Thursday, July 23, 2009

“You look so…healthy...”

I am disturbingly pale, the kind of pale where you look sickly. For a period of time I was optimistic that the popularity of the Twilight series would make being pale “cool”, but then the fervor wore off. Pale people are back to being weird and gross again.

But I have a solution: the spray tan. There are 2 kinds of spray tans (there are more but I’m covering just 2 here):
-a person sprays you by hand with sunless tanning formula
-a machine blasts you with sunless tanning formula and a bronzer

The first method is by far superior. The color is custom blended for you; the person spraying is a cosmetician who knows what she is doing; she can even provide abdominal definition or cleavage if that’s what you’re looking for. Your knees, feet and ankles don’t turn orange or blotchy, the experience is limited in the trauma you endure…aside from hanging out for 5 minutes in just your undies with a virtual stranger. But it’s relatively expensive: over $60 for the hand spray and it doesn’t last more than 5 days.

The second method is The Machine: the spray tan booth at your local tanning salon. I have a love-hate relationship with The Machine. Love that it’s cheap…Hate the imprecision. My first time I thought I stepped into a gas chamber at Auschwitz: I was not prepared for the sound of the high pressure nozzles or the smell of the tanning solution that fills the entire booth and chokes you because you can no longer hold your breath. The experience is disturbing because it’s loud, unnatural and smells funky. Defintely do a test run before it matters: on my first experience I emerged from the booth half done. But I have learned over time how to make this relatively incident-free, and for a mere $25 it’s worth it. Sort of.

Here is my process for The Machine; feel free to use it because it works.
1. Bring 2 large pieces of plastic wrap and 2 sandwich size Ziploc baggies with you
2. In the room, strip off clothes
3. Apply the deactivator cream to your palms and feet, but don’t trust it implicitly
4. Wrap feet in plastic and put hands into separate sandwich-size Ziploc bags
5. Enter booth and follow all the salon’s instructions from here on out, removing bags and foot wrap when done

So what’s up with all the plastic? Here’s the deal: the booth sprays excessively and indiscriminately. Your feet and hands WILL pick up a lot of the formula and that deactivator cream is not totally reliable. I have never been able to achieve any level of precision with my extremities, so I simply exclude them. Then I spend the next 24-36 hours perfecting the imperfect at home with an aerosol can of sunless tanner from the store. My freakishly white hands and feet soon turn a lovely golden brown, matching the rest of me. And yes, it’s golden brown, not orange.
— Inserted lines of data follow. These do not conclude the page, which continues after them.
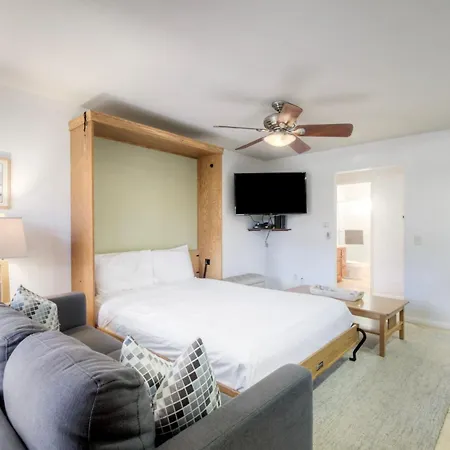Apartment 90 Walk Score, Private Patio, Steps To & Dining, Parking Carlsbad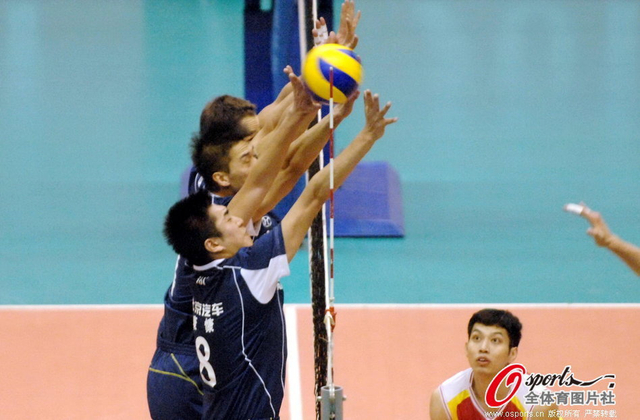 北京男排多人拦网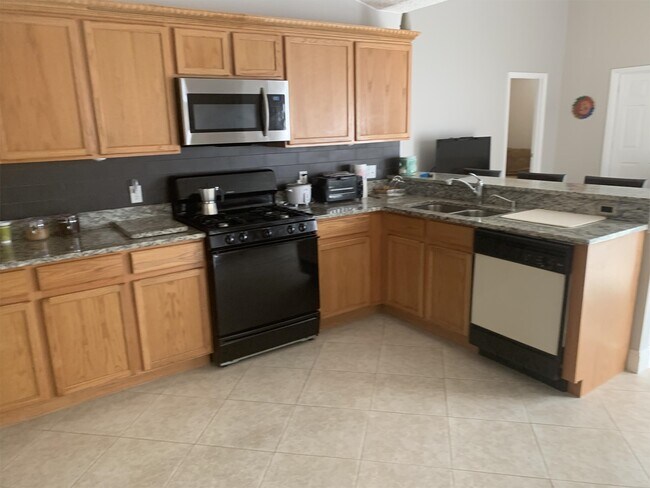 Building Photo - 2409 Serenity Bend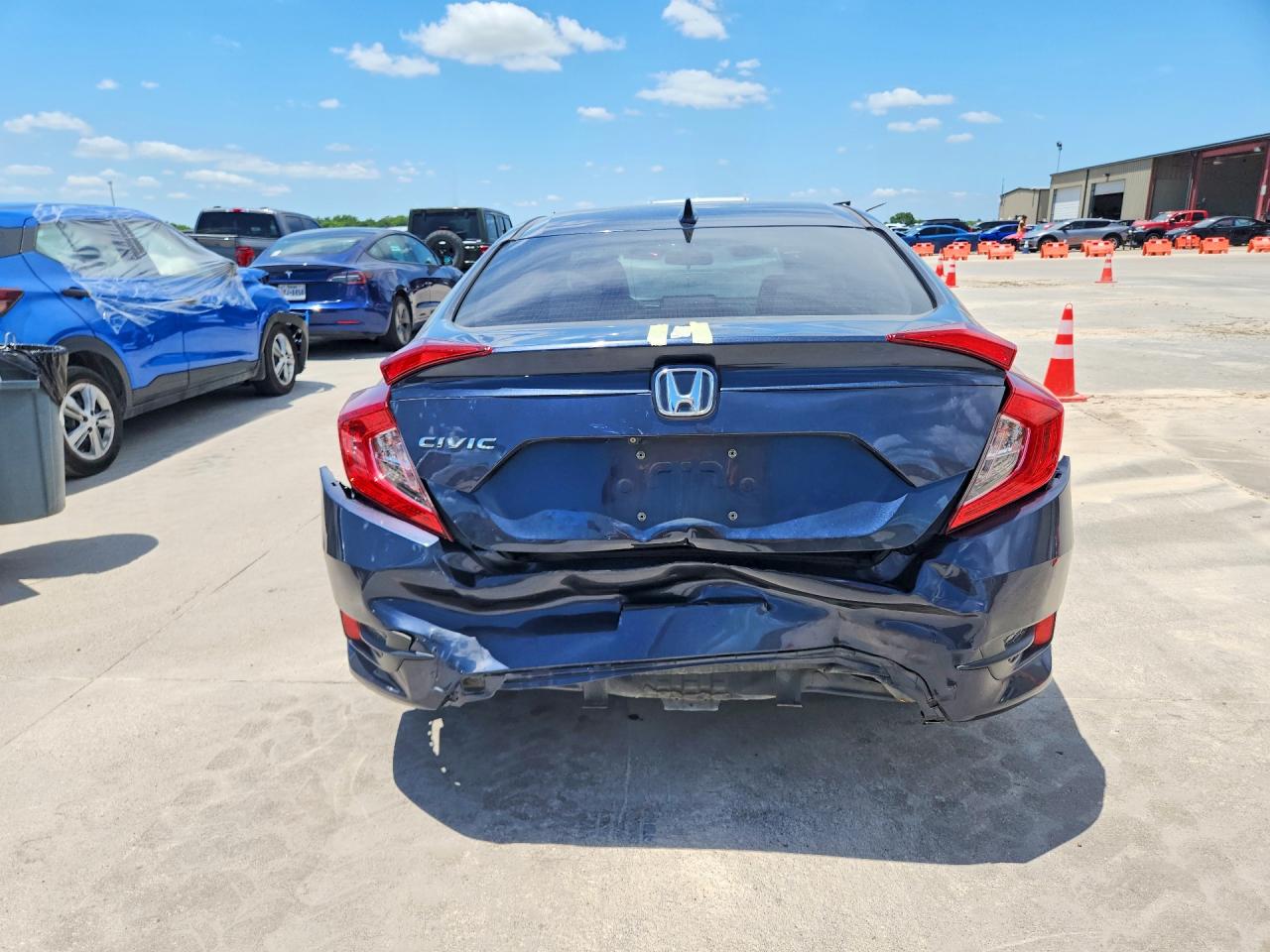 2017 HONDA CIVIC EX photo 11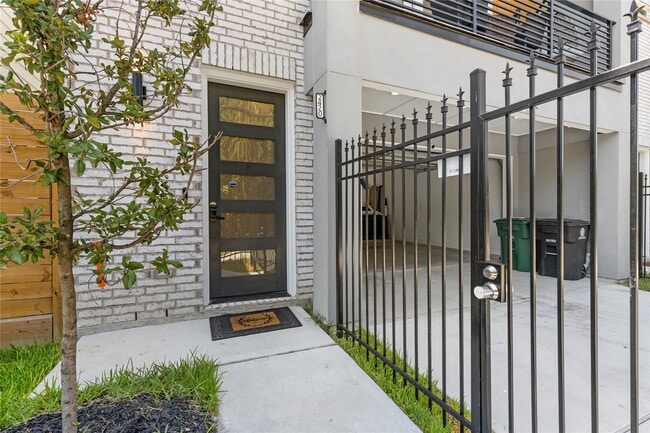 Foto del edificio - 2420 Briley St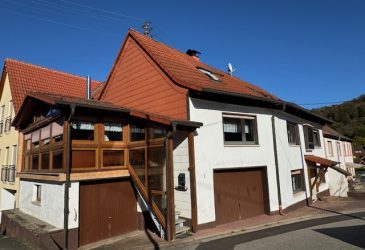 Ansicht mit Blick zum Wintergarten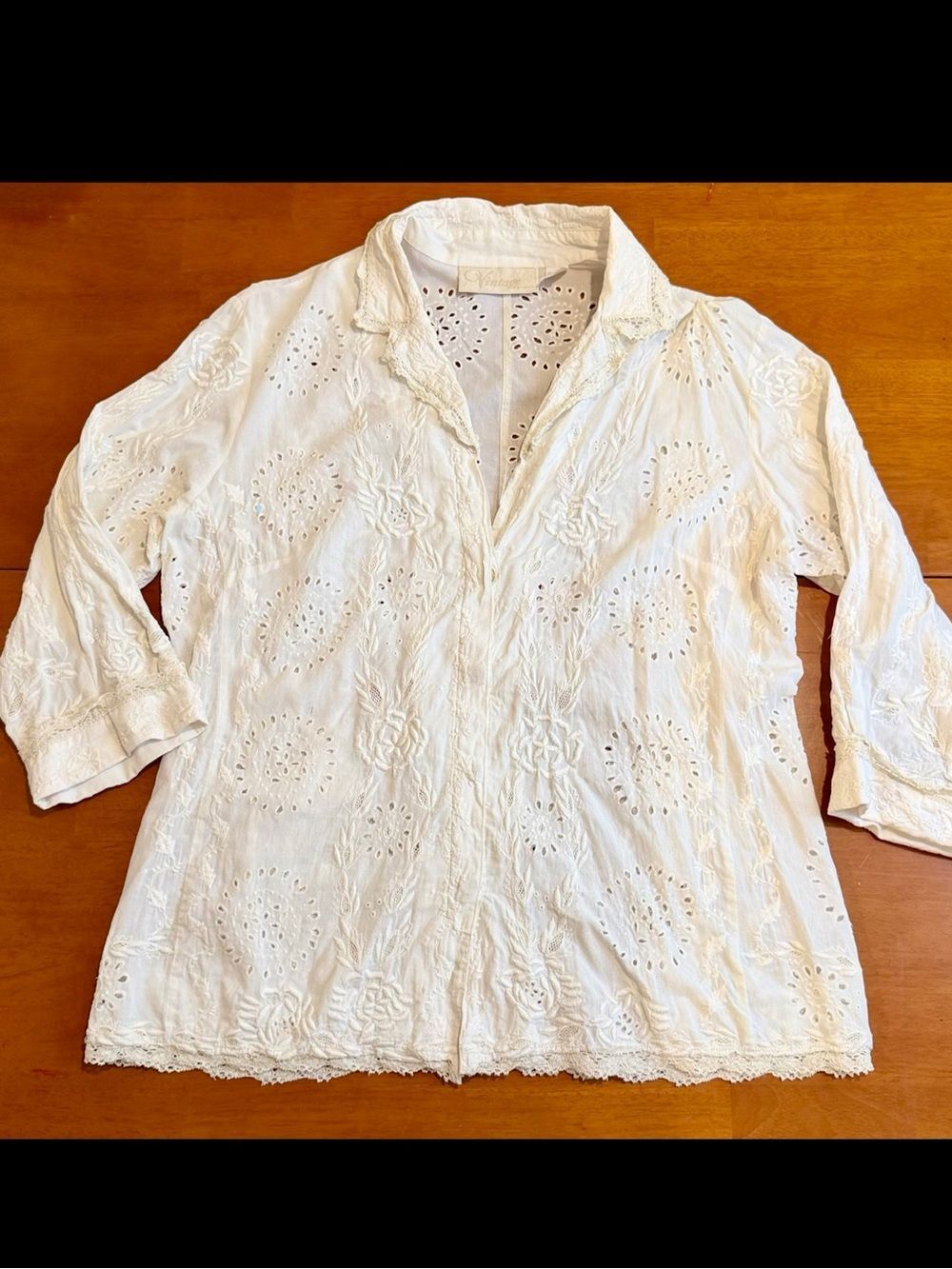 Vintage by Chico’s Cottagecore Embroidered Eyelet Cotton Button Up Shirt L #S2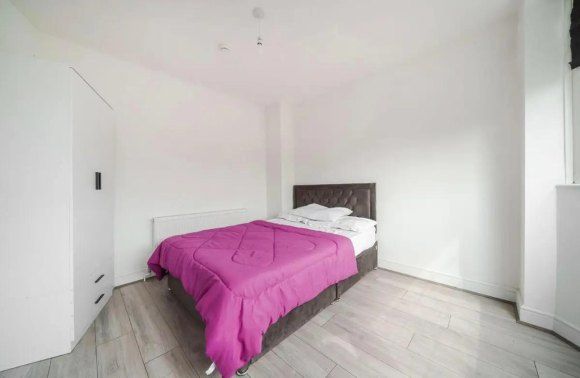 13, Bracondale Road, London photo 4
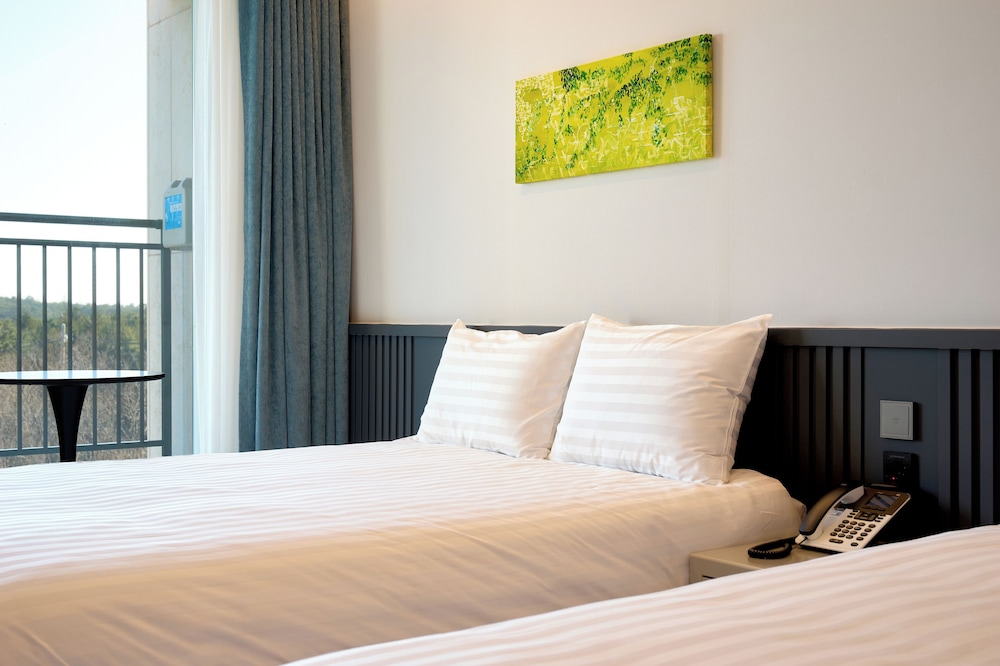 Hotel Withus Jeongdongjin 28/48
Here’s what’s weird: I leave all the plastic wrap and sandwich bags in the garbage in the room. If you handle them after the spraying (aside from removing them), then the tan overspray will get on your palms and leave brown splotches. So when the tanning salon chick she goes in to tidy up the room after I have left she sees a garbage can filled with plastic wrap and sandwich baggies. I can hear her thoughts, I can practically see her texts and Facebook status: “What the F was she doing in here, making sandwiches?”

But after I buy a tan and I see my friends and they say “You look so…healthy…” well, that makes it worth it. Oh to be “healthy” all the time.